A few years ago, I was scheduled to do a concert at a little church called Jemison Valley Brethren in Christ in Northern Pennsylvania. A few weeks before the concert, I got an email out of the blue from the secretary of the church. She explained that she was looking forward to the concert and wanted to extend an invitation to breakfast at their farm the morning after my concert. She explained that they live on the farm where my brother died and didn't know if I might appreciate an opportunity to visit the site where Doug died.

I couldn't believe what I was reading. I had no idea (or at least had forgotten) that this little church was located in the community where Doug had lived and died.  We often visited his grave in Chambersburg, Pennsylvania, but I never really knew exactly where he had lived and died.

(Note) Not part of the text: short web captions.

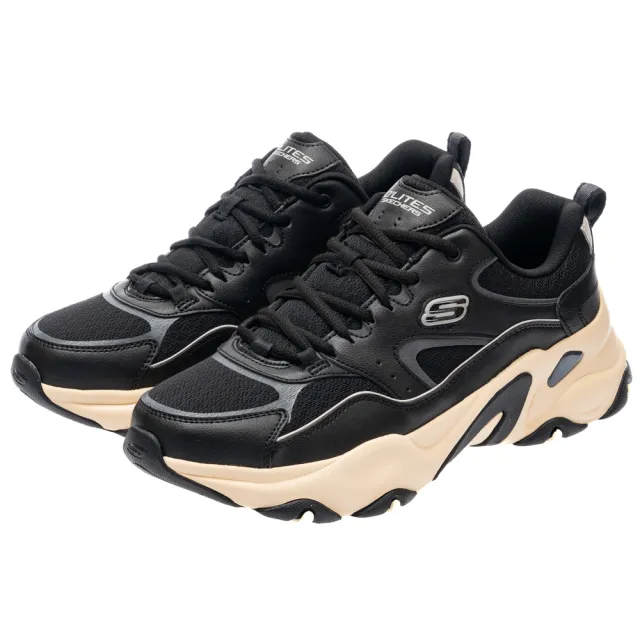 【SKECHERS】男女款 舒適休閒運動鞋 瞬穿舒適科技/輕便綁帶款 (多款)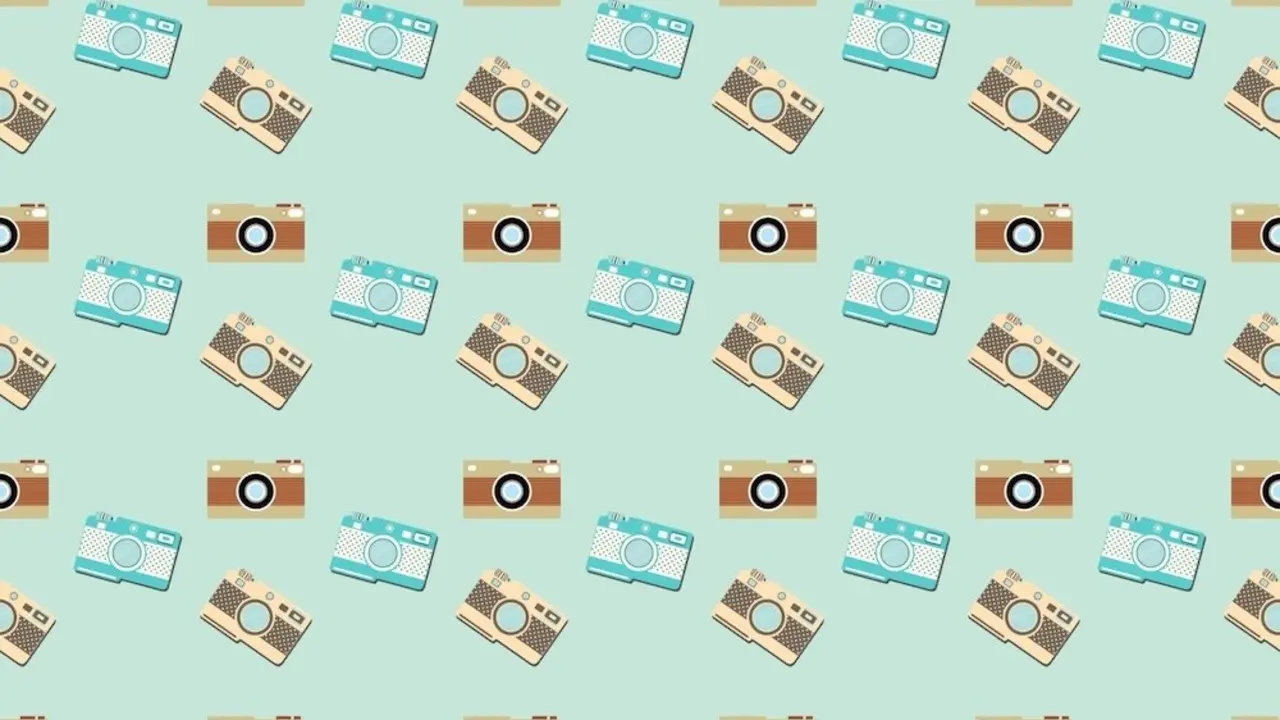 Cómo ser fotógrafo de viajes: guía con consejos y recursos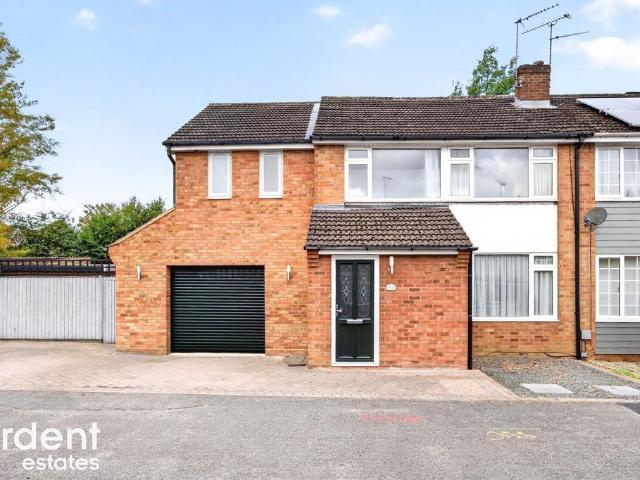 House for sale in Sandon, Chelmsford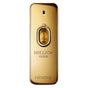 Million Gold Elixir Rabanne Men's Decant Fragrance Samples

I was intrigued and immediately took them up on their offer. We had a lovely breakfast together as they tearfully shared the details of that fateful day back in 1973. It was obvious that they still grieved about the whole thing. But our family has never been one to blame other people for these tragedies. I'm so grateful for that legacy! I'm not saying there weren't any struggles, I just never saw any hint of a root of bitterness over these two tragic deaths.

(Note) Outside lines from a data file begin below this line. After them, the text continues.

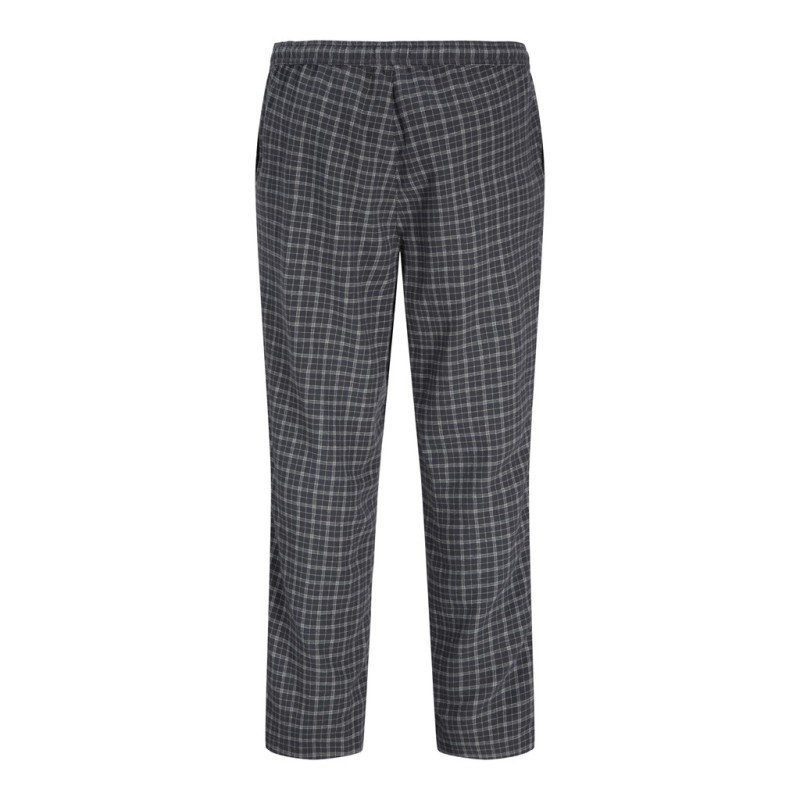 JACK & JONES Rimon bukser - Asphalt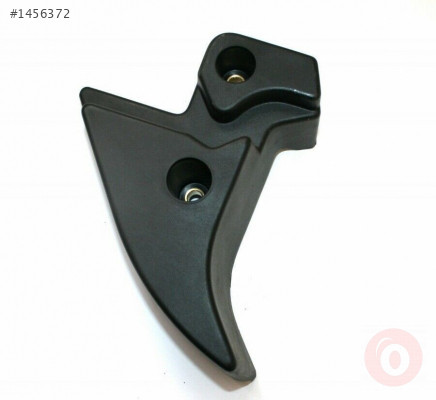 VOLKSWAGEN POLO 10-13 BAĞAJ DESTEK BRAKETİ 6R0858847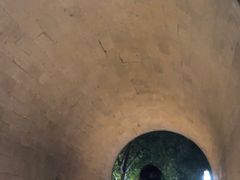 -鼓楼(西湖风景名胜区)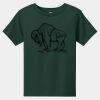 Toddler Short Sleeve Tee Thumbnail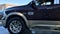2013 RAM 1500 Laramie Longhorn Edition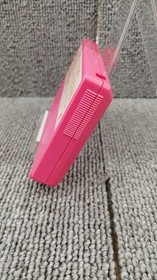 Takeru Cocoron Famicom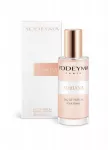 Parfumuotas vanduo YODEYMA ADRIANA 15 ml
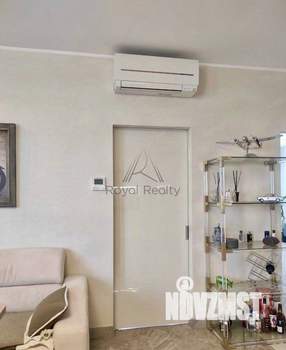 3-к квартира, на длительный срок, 77м2, 11/13 этаж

As we drove out through the snowy field and approached the site, I pondered the way our paths had connected without me ever trying to make it happen. My own musical journey was now leading me back to a place that had once again had a major impact on our family—around the theme of death.

When I mentioned this opportunity to my Mother, she replied, in a very sad tone, "I have no desire to see that place." On another day, when I tried to convince her to fly out to New Mexico to see her only living son before she'd be too fragile to travel, she simply said, "I have had enough terror in my life. I don't need anymore." I never brought it up again.

The effects of Doug's death in my own life were softened by the family he left behind. His little girls, Crystal and Kelly, (my nieces) became like little sisters to me, since they are only a few years younger than me. They'd share my double bed with me when they spent time on our farm in the summer. We'd read Winnie the Pooh stories and giggle in our crowded bed. We'd eat home-made ice cream with our own home-grown honey on top. We played house together. I'd play the piano and they would dance in the living room to the music.

They filled a huge hole in my heart and somehow, their presence made Doug feel like he was still here. I know that they experienced his death much differently—after all, he was their Father!

He would be proud of the family that continues to grow all these years after his death. In fact, he is a Grandfather to eight grandchildren and a Great Grandpa to two darling little boys. Tom and I spend many holidays playing the latest table games with this precious family. It keeps the memory of Doug very alive in my heart. Sometimes, I encounter others who tell me they knew Doug and they begin to tell me stories. I eagerly listen.

I resonated with something Amy Grant wrote in her book, Mosaic;

"I enjoy any passing conversation that starts with, "You don't know me, but I knew your....," because even if you've lived in she same place most of your life, sometimes it takes a total stranger to fill in the missing pieces of your family puzzle."